Arquivo: /home/modem/ppp (deve ser tornado executável com chmod 755)
#!/bin/sh /usr/sbin/pppd call modem
Arquivo: /etc/ppp/peers/modem
noauth nodefaultroute mtu 1500 mru 1500 10.202.1.1:10.202.1.2 debug ms-dns 10.0.1.1 unit 2
Significado dos parâmetros do arquivo "modem":
noauth | Não usa autenticação PAP, pois já autenticamos via login do terminal |
nodefaultroute | Não torna esse link a rota padrâo, no lado servidor |
mtu 1500 | maior pacote transportado pelo link, na transmissão |
mru 1500 | Idem, para recepção |
10.202.1.1:10.202.1.2 | IP local (servidor) e remoto (cliente) que o link terá |
debug | Mostra andamento da criação do link no /var/log/messages do servidor (útil para depurar quando a instalação é nova) |
ms-dns 10.0.1.1 | Servidor DNS informado ao cliente |
unit 2 | Interface de rede do lado servidor será ppp2 (se não estiver ocupada) |
Depois de discar e ter a ligação atendida, o cliente deve digitar o nome (modem), a senha, e invocar o script /home/modem/ppp. Este script carrega o pppd, que é o programa que implementa o protocolo PPP no Linux. Feito isso, o cliente deve iniciar o PPP também. Normalmente, o lado cliente usa alguma ferramenta automática para isso, como o discador do Windows.
Ao invés de obrigar o cliente a invocar o script, poderíamos colocar /home/modem/ppp como "shell" da conta modem, o que faria o script ser invocado apenas digitando nome e senha. Mas preferi deixar separado para ter a chance de usar a conta também para administração remota, não apenas para Internet.

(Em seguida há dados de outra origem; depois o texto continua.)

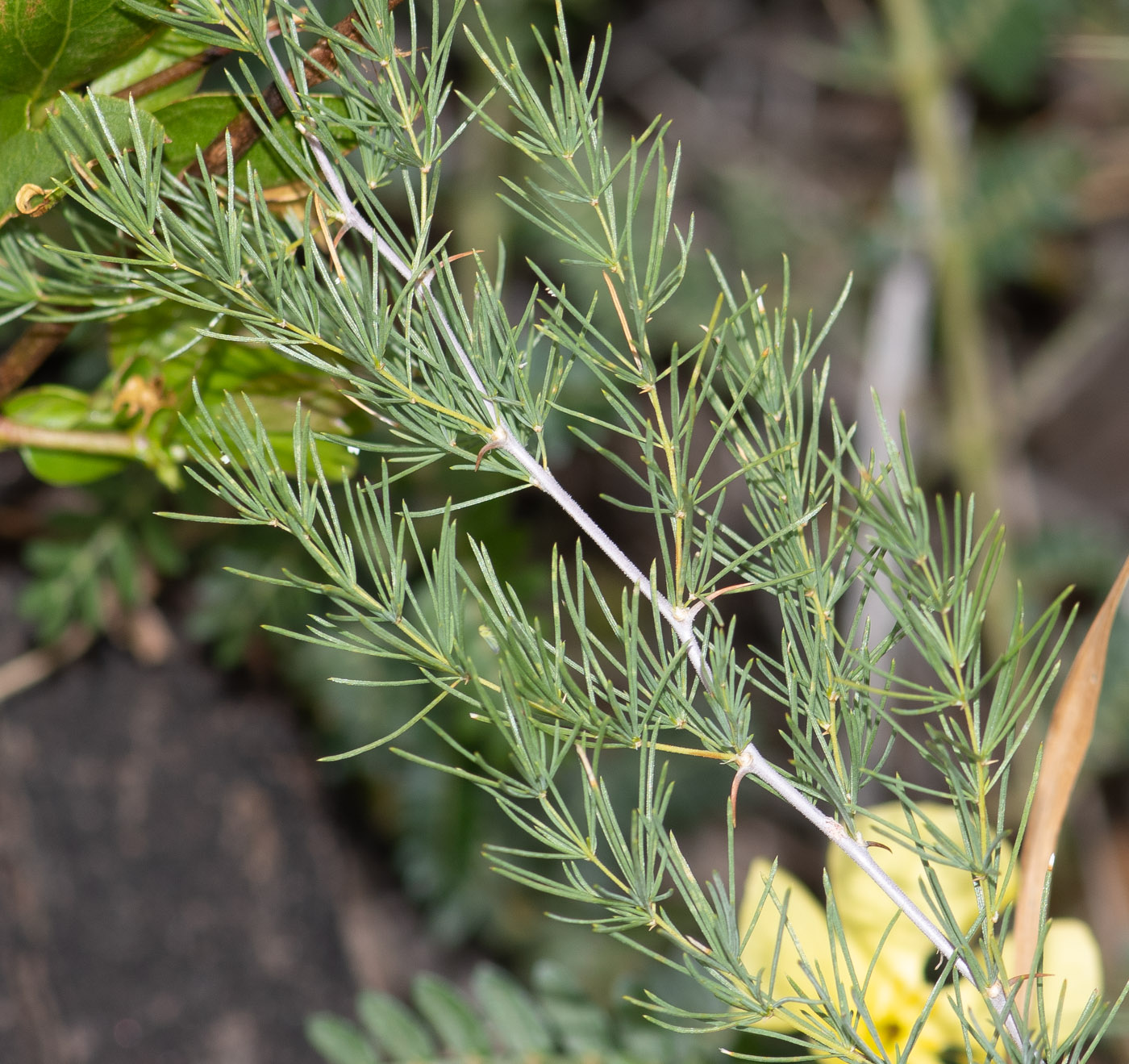 Изображение особи Asparagus nelsii.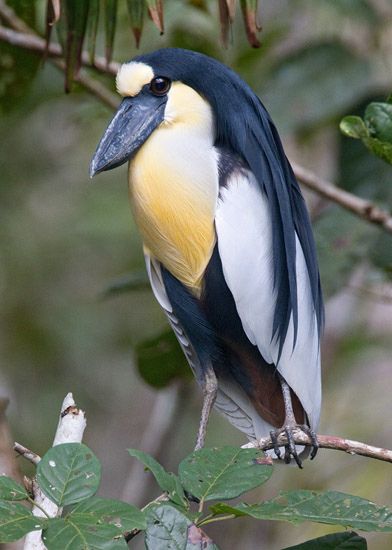 สีสันสัตว์โลก (นก)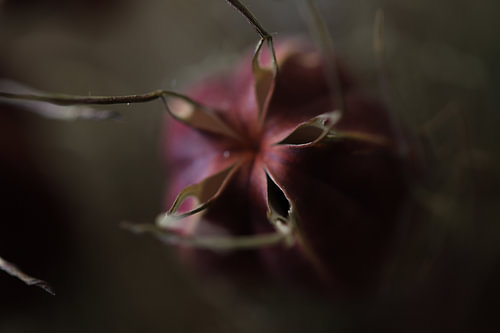 Nigella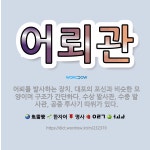 🌟어뢰관: 어뢰를 발사하는 장치. 대포의 포신과 비슷한 모양이며 구조가 간단하다. 수상 발사관, 수중 발사... - 표준국어대사전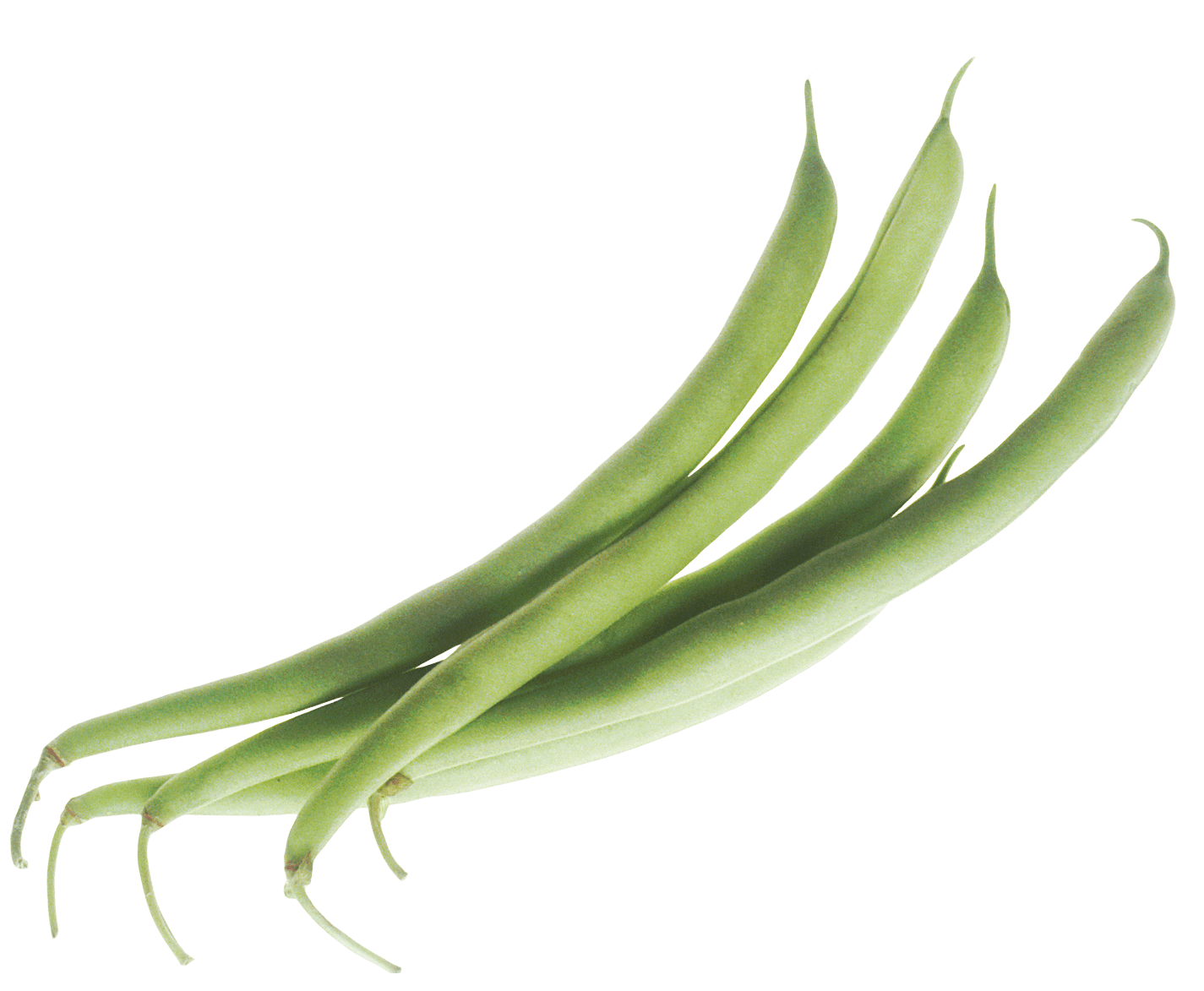 Vegetable Beans Green HD Image Free PNG Image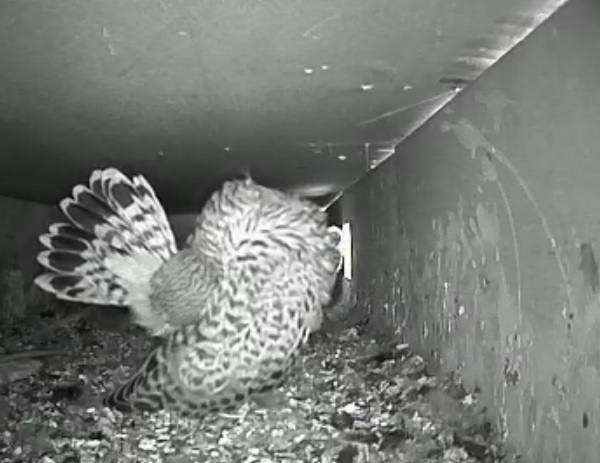 lisciarsi le piume // preening feathers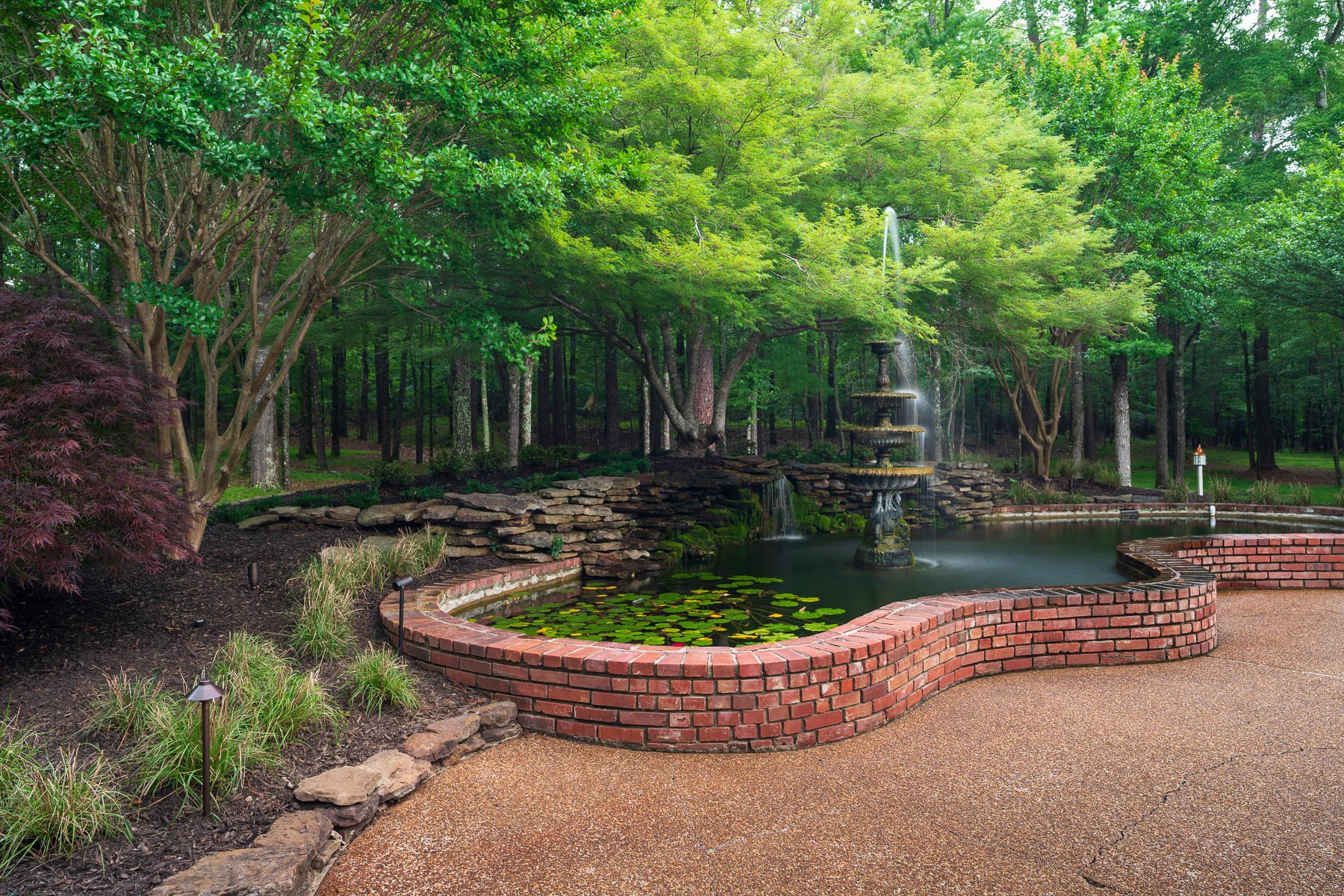pond water feature fountain plants landscape lights long exposure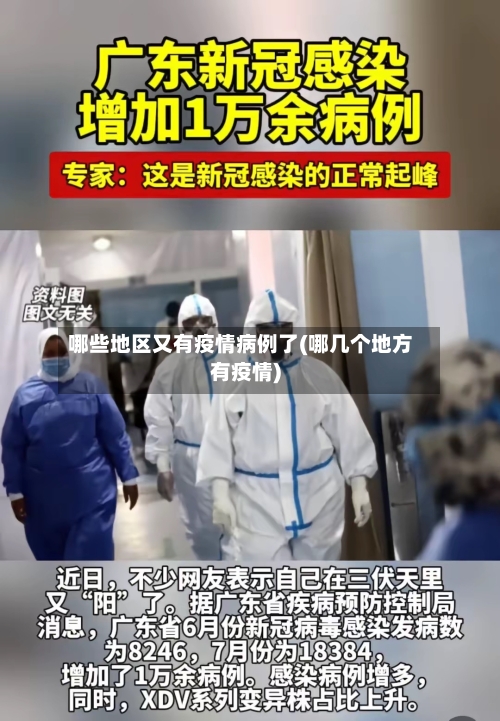 哪些地区又有疫情病例了(哪几个地方有疫情)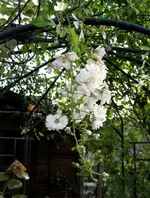 IMG_3623.webp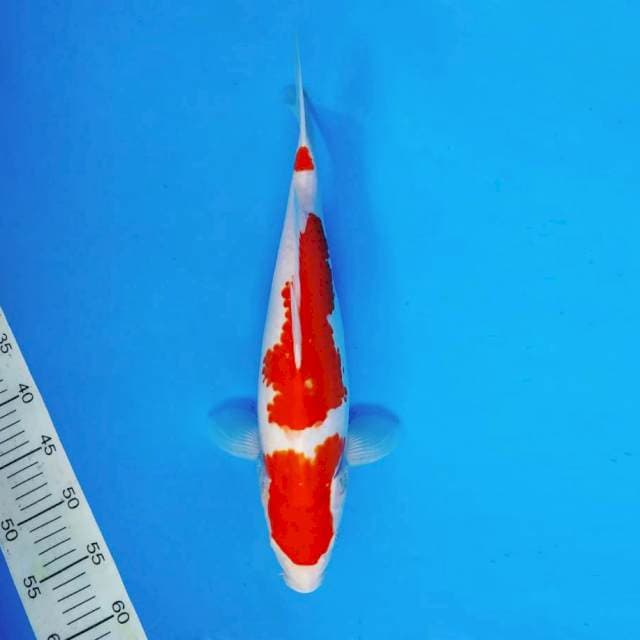 SABOTTEN 15 - KOHAKU ®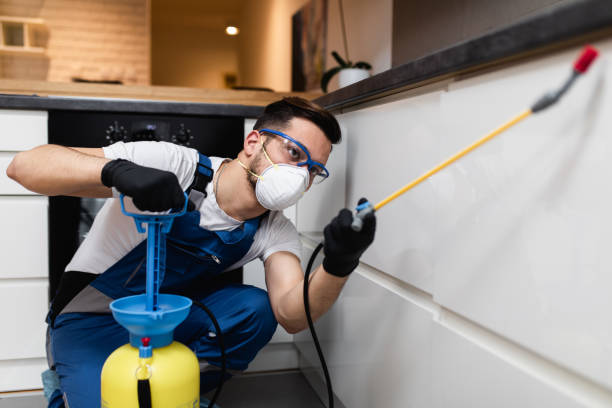  Brooklyn Park, MN Pest Control Pros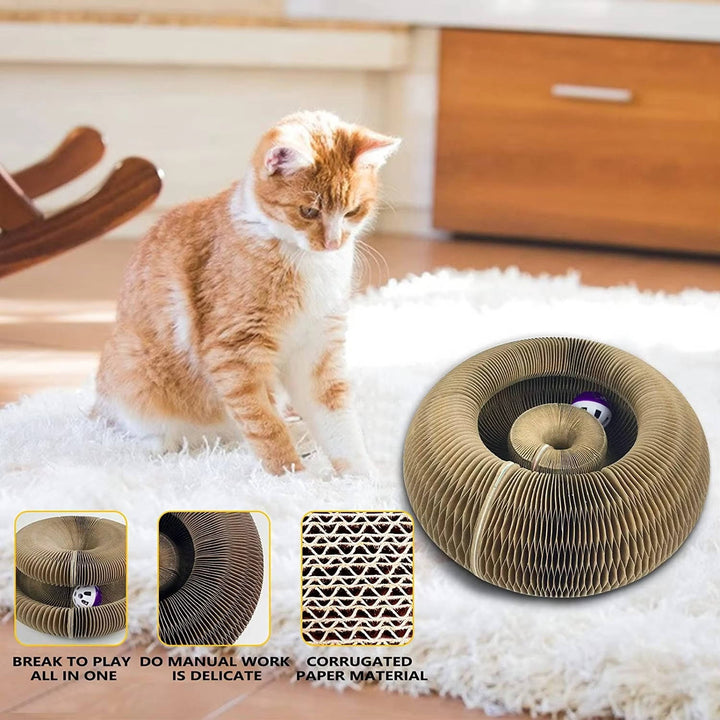 Kattklöspelare med Bollbana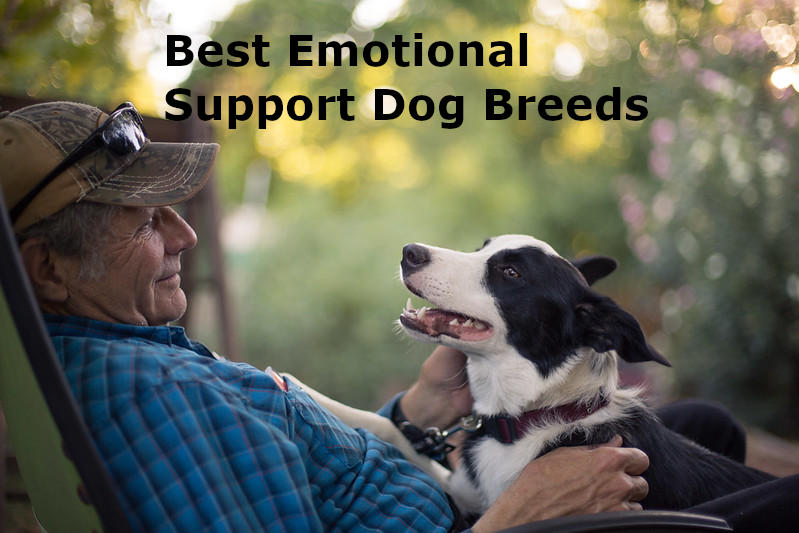 best dog breeds for emotional support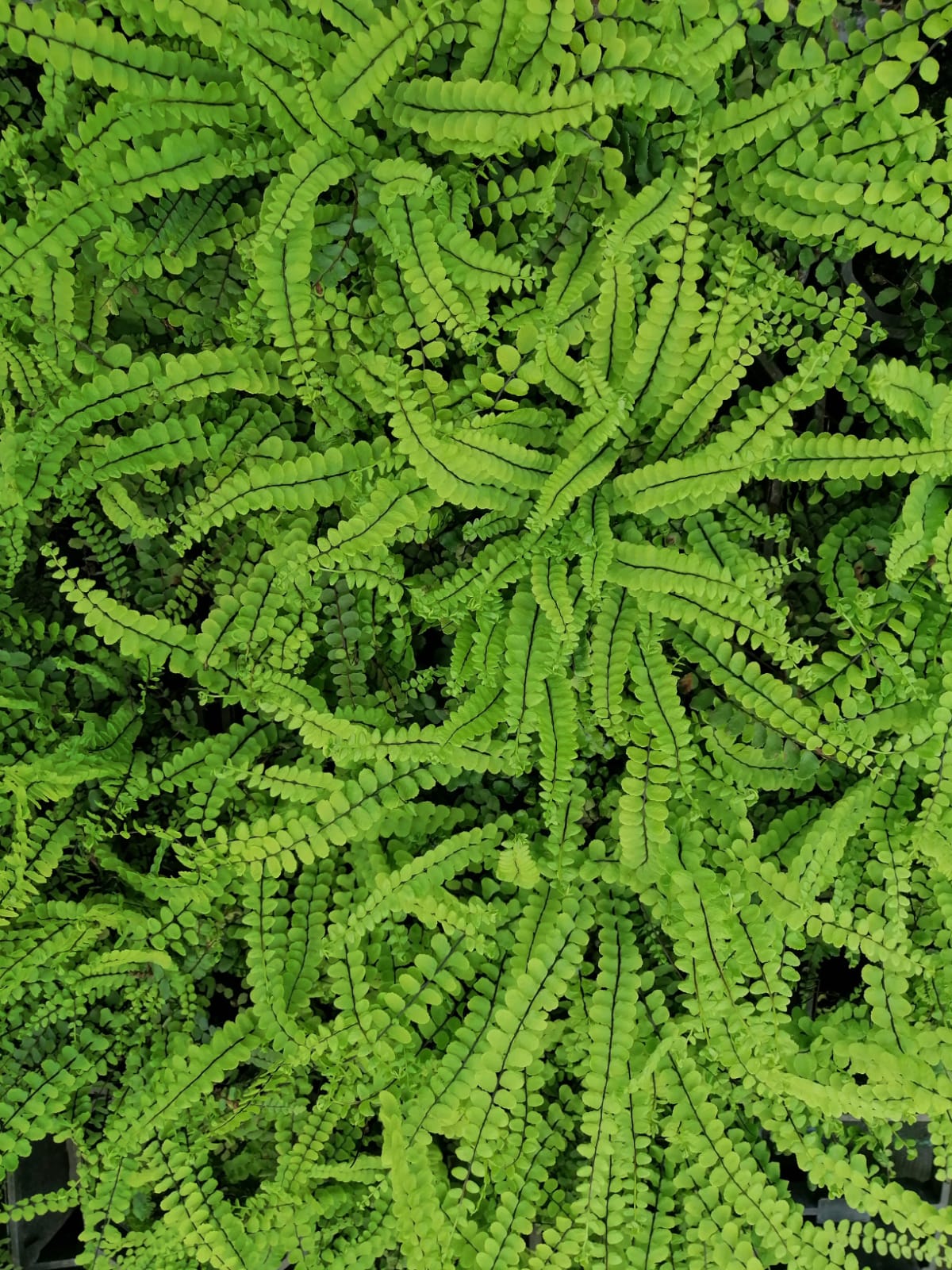 Asplenium trichomanes - Image 2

A razão do arquivo /etc/ppp/peers/modem existir é que um usuário normal (não root) que invoca o pppd, não pode passar parâmetros de configuração a ele. O usuário é obrigado a usar um "perfil" preexistente, criado pelo root. Além isso, como o pppd deste computador é o lado "servidor", somos obrigados a ter uma configuração imutável para ele.